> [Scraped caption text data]
BEGIN
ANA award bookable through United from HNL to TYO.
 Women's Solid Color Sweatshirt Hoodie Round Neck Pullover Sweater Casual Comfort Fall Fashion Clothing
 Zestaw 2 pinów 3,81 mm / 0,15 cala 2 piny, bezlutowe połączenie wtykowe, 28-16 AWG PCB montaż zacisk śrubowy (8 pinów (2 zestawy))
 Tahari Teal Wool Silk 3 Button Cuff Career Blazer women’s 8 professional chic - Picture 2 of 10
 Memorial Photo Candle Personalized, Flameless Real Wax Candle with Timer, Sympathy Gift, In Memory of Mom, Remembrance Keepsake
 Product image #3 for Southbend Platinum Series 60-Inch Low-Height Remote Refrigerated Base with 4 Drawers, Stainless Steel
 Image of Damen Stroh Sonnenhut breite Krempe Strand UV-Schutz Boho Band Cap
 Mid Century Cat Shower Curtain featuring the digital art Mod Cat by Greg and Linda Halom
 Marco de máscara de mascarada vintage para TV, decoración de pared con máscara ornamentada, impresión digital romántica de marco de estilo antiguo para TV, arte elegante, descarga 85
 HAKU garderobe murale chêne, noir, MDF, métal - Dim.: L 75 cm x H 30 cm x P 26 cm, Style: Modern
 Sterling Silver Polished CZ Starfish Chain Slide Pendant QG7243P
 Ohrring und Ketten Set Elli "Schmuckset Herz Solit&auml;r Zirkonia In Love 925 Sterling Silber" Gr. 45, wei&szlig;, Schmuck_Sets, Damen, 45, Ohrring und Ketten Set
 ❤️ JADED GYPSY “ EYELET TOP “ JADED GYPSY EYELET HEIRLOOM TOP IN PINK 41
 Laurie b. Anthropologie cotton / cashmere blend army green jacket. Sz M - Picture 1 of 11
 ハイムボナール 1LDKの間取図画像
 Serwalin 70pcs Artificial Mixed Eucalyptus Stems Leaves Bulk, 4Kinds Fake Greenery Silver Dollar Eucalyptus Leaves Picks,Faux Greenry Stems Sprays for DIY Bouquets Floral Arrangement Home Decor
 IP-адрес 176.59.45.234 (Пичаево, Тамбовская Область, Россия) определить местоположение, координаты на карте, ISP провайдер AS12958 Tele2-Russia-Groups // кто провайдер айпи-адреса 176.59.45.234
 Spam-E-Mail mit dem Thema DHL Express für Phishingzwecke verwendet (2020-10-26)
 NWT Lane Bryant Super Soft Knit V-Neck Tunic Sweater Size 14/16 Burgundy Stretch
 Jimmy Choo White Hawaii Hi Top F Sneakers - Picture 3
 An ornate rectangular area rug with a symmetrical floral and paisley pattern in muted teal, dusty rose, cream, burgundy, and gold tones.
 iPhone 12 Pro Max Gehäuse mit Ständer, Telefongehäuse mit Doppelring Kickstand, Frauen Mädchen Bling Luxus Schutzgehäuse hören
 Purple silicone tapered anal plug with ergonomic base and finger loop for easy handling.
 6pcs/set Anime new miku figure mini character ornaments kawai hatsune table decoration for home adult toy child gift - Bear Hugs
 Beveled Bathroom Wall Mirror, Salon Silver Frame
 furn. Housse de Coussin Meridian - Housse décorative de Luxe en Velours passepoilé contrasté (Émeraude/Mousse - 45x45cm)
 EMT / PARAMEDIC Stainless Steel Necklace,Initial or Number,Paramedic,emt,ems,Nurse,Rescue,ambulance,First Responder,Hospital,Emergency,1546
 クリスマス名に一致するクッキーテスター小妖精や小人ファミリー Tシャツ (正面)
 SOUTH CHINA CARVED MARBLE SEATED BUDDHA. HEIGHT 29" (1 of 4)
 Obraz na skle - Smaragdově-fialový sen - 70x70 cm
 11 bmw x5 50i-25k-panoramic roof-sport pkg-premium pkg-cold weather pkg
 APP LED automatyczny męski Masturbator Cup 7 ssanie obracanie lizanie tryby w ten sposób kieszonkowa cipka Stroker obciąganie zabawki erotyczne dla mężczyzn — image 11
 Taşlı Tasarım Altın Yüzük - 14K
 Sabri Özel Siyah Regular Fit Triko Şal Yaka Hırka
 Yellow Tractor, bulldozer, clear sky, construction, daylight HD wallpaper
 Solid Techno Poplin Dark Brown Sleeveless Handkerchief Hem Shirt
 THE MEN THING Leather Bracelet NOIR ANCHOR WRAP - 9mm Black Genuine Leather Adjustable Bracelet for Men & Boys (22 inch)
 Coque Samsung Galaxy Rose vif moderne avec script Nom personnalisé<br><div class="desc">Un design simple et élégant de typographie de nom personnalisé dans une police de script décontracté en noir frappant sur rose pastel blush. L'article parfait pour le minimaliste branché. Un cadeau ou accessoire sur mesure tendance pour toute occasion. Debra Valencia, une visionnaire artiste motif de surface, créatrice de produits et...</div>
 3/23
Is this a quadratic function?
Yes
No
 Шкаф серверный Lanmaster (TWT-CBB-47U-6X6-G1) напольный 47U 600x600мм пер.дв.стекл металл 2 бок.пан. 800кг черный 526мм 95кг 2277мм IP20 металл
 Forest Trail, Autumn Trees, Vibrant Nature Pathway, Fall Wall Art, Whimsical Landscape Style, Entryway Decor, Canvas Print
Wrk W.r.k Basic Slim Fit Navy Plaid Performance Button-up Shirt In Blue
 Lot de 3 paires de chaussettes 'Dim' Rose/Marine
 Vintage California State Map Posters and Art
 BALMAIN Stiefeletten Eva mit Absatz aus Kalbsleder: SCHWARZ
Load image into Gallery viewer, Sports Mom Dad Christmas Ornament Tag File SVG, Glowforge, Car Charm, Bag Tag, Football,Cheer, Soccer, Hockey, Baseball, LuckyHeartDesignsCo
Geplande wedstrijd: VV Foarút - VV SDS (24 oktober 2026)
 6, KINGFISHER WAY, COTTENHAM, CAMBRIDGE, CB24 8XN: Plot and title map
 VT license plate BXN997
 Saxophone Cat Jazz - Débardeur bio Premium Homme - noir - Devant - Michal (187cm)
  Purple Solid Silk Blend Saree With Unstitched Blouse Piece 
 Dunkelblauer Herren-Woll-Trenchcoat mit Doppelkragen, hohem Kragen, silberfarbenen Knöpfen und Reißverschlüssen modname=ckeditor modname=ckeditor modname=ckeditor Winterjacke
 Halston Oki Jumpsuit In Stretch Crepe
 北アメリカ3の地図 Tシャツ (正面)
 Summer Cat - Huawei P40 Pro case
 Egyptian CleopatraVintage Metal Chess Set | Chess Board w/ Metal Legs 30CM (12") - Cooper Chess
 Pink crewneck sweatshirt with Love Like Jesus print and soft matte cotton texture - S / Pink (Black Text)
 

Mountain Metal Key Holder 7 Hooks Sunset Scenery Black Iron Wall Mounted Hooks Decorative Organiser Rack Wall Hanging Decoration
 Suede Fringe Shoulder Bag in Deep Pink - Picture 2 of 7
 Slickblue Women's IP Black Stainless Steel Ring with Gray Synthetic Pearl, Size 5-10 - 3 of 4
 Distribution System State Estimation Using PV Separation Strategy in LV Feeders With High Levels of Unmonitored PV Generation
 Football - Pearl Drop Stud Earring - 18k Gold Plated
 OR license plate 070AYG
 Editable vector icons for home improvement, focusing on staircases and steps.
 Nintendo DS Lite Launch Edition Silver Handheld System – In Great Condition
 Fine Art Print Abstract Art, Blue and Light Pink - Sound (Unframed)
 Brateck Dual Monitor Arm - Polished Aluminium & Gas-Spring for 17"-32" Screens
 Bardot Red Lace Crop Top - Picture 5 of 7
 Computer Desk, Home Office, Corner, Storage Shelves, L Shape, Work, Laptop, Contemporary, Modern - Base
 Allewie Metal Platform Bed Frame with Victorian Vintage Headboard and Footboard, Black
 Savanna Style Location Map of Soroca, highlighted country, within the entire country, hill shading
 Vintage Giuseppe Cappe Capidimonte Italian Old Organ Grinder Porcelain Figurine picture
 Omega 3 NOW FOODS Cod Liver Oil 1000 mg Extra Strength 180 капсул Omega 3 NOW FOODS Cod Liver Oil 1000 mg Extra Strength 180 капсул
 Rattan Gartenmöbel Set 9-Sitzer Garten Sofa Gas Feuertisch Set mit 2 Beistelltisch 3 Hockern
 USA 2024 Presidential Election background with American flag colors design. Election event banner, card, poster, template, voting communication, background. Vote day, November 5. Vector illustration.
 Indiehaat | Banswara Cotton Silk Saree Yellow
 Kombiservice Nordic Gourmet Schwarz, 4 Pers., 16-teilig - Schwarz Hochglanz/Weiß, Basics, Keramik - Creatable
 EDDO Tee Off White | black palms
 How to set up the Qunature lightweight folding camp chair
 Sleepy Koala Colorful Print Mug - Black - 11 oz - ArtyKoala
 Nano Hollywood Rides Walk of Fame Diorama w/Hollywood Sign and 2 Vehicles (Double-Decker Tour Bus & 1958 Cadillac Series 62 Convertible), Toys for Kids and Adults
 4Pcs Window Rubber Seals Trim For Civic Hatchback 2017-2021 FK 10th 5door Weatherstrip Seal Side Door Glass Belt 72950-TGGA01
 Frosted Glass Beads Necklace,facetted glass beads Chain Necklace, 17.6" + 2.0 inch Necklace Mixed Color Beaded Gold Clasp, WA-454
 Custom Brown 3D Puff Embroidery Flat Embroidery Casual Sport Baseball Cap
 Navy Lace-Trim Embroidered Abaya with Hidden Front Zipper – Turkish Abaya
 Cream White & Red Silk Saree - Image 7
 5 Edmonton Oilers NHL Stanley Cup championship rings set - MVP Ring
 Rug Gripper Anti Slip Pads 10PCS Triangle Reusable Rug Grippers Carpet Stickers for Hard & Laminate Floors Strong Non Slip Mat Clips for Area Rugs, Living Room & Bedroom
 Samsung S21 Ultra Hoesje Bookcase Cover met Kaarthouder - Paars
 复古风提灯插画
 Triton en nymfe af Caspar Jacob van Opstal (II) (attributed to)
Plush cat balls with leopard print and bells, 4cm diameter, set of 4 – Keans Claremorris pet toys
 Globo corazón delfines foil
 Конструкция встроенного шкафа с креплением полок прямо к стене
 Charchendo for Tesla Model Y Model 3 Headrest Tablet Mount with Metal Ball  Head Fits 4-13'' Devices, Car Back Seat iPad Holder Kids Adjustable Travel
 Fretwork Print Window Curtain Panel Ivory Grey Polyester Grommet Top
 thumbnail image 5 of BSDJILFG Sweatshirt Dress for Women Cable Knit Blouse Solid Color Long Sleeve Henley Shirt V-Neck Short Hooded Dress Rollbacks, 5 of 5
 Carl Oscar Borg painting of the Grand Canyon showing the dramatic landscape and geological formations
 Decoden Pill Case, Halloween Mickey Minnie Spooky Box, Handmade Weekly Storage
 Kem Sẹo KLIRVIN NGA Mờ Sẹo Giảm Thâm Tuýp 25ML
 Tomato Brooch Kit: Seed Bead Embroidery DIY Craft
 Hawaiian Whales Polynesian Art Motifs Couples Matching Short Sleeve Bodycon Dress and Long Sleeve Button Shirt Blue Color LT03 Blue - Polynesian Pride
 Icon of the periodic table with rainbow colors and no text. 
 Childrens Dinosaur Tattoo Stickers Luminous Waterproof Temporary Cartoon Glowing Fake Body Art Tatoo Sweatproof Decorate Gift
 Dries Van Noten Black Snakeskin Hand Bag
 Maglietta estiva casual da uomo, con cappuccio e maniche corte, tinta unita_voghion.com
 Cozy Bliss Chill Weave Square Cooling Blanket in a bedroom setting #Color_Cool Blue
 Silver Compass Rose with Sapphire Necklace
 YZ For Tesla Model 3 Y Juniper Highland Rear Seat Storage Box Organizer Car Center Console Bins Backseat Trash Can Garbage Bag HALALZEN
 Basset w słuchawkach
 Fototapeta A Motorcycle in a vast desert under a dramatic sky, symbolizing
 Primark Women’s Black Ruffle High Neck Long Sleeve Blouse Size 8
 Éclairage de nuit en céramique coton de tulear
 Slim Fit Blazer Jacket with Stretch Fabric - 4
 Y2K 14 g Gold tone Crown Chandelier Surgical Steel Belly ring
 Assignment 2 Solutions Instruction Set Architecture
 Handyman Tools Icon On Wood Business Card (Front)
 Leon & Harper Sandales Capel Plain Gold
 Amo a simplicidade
END
> [Work required]
In the data above, retype exactly and only the lines between the one holding "Egyptian CleopatraVintage Metal" and the one holding "Mountain Metal Key", inclusive.

> [Problem solution]
 Egyptian CleopatraVintage Metal Chess Set | Chess Board w/ Metal Legs 30CM (12") - Cooper Chess
 Pink crewneck sweatshirt with Love Like Jesus print and soft matte cotton texture - S / Pink (Black Text)
 

Mountain Metal Key Holder 7 Hooks Sunset Scenery Black Iron Wall Mounted Hooks Decorative Organiser Rack Wall Hanging Decoration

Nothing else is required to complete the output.